Note: here we can first solve the estimated mean $\hat{\mu}$ and substitute it back to the second equation for the closed-form solution of $\sigma^2$. However, since we don’t have the ground truth mean and estimate it instead, we may need to apply Bessel’s correction to the estimate of the variance.

2. Gaussian Mixture Model

Now we consider a Gaussian Mixture Model (GMM), where the probability of data distribution is expressed as

\[P(x, \theta) = \sum_{k=1}^{K} \pi_k \mathcal{N}(x | \mu_k, \Sigma_k)\]

where

$K$ is the number of Gaussian components.
$\pik$ is the mixture weights (prior probabilities of each component), satisfying $\sum{k=1}^{K} \pi_k = 1$
$ \mathcal{N}(x | \mu_k, \Sigma_k)$ is a multivariate Gaussian distribution with mean $\mu_k$ and covariance matrix $\Sigma_k$.

For this model, the goal is to estimate the parameter set $\mathbf{\theta} = \{\pi_k, \mu_k, \sigma_k\}_{k=1}^K$ from the data set $\mathbf{X}$. In the Gaussian Mixture Model, it’s challenging to obtain a closed-form optimal estimate of the model parameters. To make the estimation more tractable, we introduce a set latent vectors $\mathbf{Z} = \{ Z_i \}_{i=1}^N$ for each data point, where $z_{ik}$ is the binary indicator variable indicating whether belongs to component $k$. And the complete-data log-likelihood is defined as

\[\sum_{i=1}^N \log P(x_i, Z_i, \theta) = \sum_{i=1}^N \sum_{k=1}^K z_{ik} \left[ \log \pi_k + \log \mathcal{N}(x_i|\mu_k, \Sigma_k) \right]\]

However, the marginal likelihood is defined as $\mathcal{L}_c(\theta) = \sum_{i=1}^N \log P(x_i, \theta)$ and we need to posterior probability $P(Z_i \vert x_i, \theta)$ to accomplish the conversion.

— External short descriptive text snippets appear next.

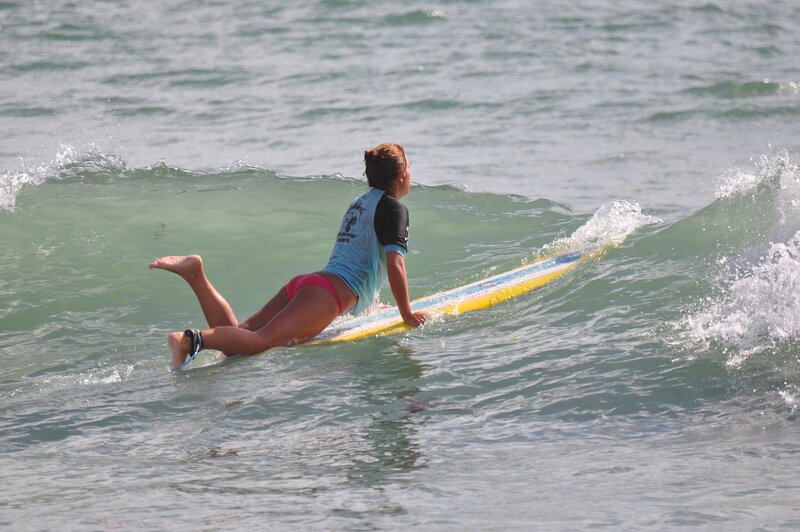 Surfer riding a wave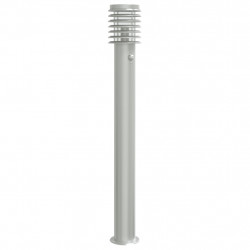 Lampa ogrodowa na słupku, z czujnikiem, srebrna, 110 cm, stal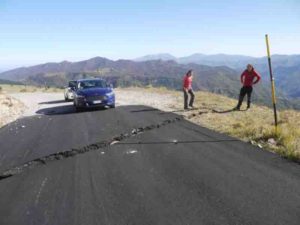 Location of survey site at rupture across a road near Castelluccio, Italy. The rupture occurred during the third earthquake in the seismic sequence and gives researchers a record of the deformation.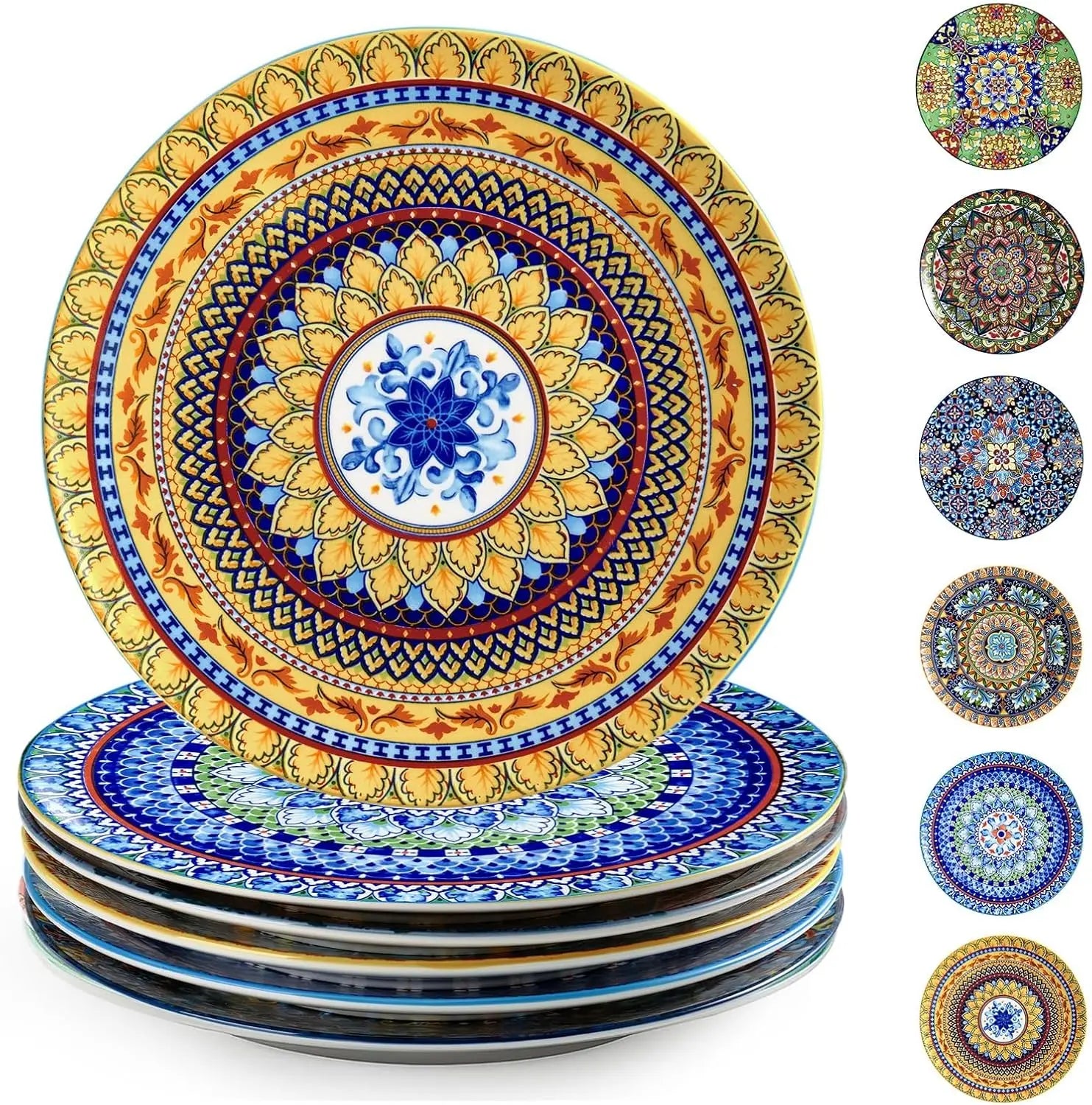 Dinner Plates Set of 6 – 10.5 Inch Ceramic Plates, Colorful Bohemian Style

Without the knowledge of model parameter $\theta$, it’s very challenging to estimate the conditional distribution of latent variable $z$ only given a set of observations $\mathbf{X} = \{X_i\}_{i=1}^N$. And the model parameter $\theta$ can only be optimized correctly with latent variable estimation. Then, this issue becomes a chicken-egg problem.

And the goal of Expectation-Maximization (EM) algorithm is to optimize the $\theta$ and $\mathbf{Z}$ iteratively.

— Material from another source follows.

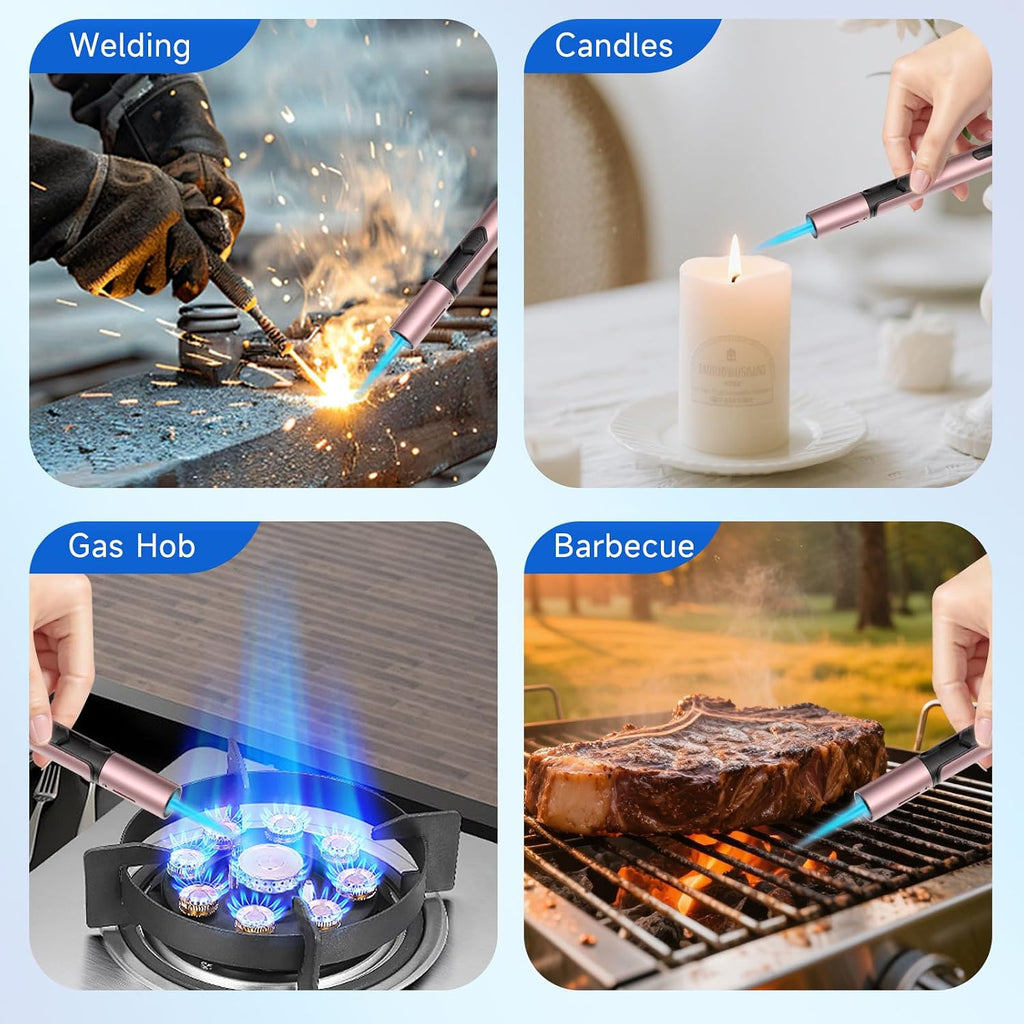 Butane jet windproof lighter (2-pack), with adjustable flame size.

3. Expectation-Maximization (EM) Algorithm

Generally speaking, EM algorithm is operating in the following way

E - Step: Given the previous model parameter $\theta^t$ and the distribution of latent $\mathbf{Z}$, we estimate the log likelihood for the set of data points $\mathbf{X}$, using $Q(\theta, \theta^t) = \mathbb{E}_{Z|X, \theta^t}[\mathcal{L}_c(\theta)].$
M - Step: Update the parameter by $\theta^{t+1} = \arg\max Q(\theta, \theta^t)$

3.1 Implementation of E step

In this specific case, the log likelihood in the E-step is expressed as

\[\begin{aligned} Q(\theta, \theta^t) & = \mathbb{E}_{Z|X, \theta^t} \left[ \sum_{i=1}^N \log P(x_i , Z_i, \theta) - \log P( Z_i |x_i, \theta^t) \right]\\ & = \mathbb{E}_{Z|X, \theta^t} \left[ \sum_{i=1}^N \sum_{k=1}^K z_{ik} \left( \log \pi_k + \log \mathcal{N}(x_i|\mu_k, \Sigma_k) \right) \right] - C\\ & = \sum_{i=1}^N \sum_{k=1}^K \gamma_{ik} \left( \log \pi_k + \log \mathcal{N}(x_i|\mu_k, \Sigma_k) \right) - C, \end{aligned}\]

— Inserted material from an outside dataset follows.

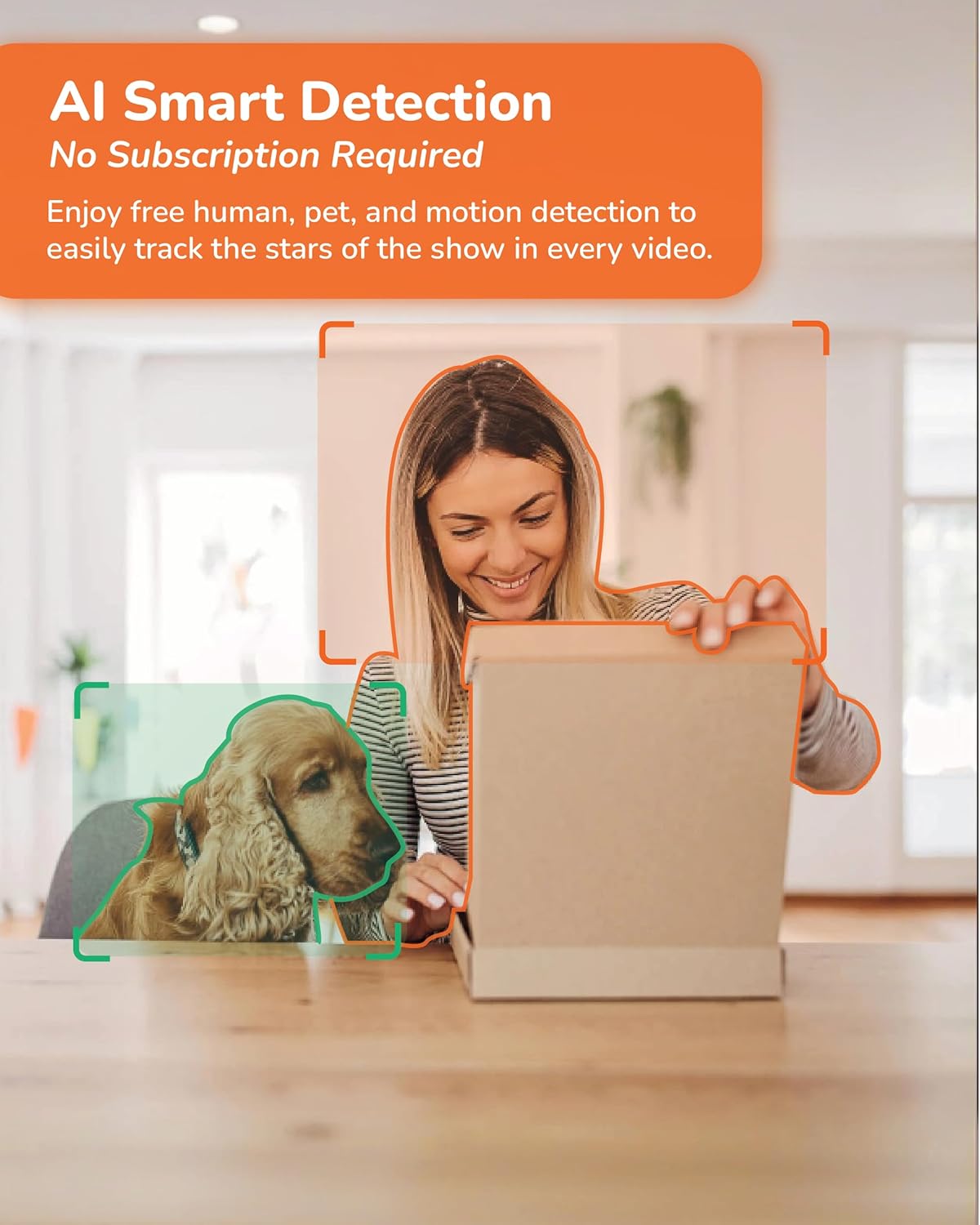 Indoor Pan-Tilt Home Security Camera - Free Human Motion Pet Detection for Daily Baby and Pet Monitor, SD Card Included, NO Monthly fee, 2.5k high Resolution Video and Night Color Vision - Image 4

where $C$ is a constant value unaffected by $\theta$, $\gamma_{i,k}$ is the expected value of $z_{i,k}$, or the probability the the data sample $i$ belongs to cluster $k$.

It’s impotant to note in the E-step, the conditional distribution $P(Z_i \vert x_i, \theta^t)$ can be easily caculated with model parameter. Then it’s used to approximate the unconditional latent variable distribution $P( Z_i \vert \theta^t)$.

Given our estimated model parameter $\mathbf{\theta}^t = \{\pi_k, \mu_k, \sigma_k\}_{k=1}^K$, the expected values can be estimated in the following form

\[\gamma_{ik} = \frac{\pi_k \mathcal{N}(x_i|\mu_k, \Sigma_k)}{\sum_{j=1}^K \pi_j \mathcal{N}(x_i|\mu_j, \Sigma_j)}\]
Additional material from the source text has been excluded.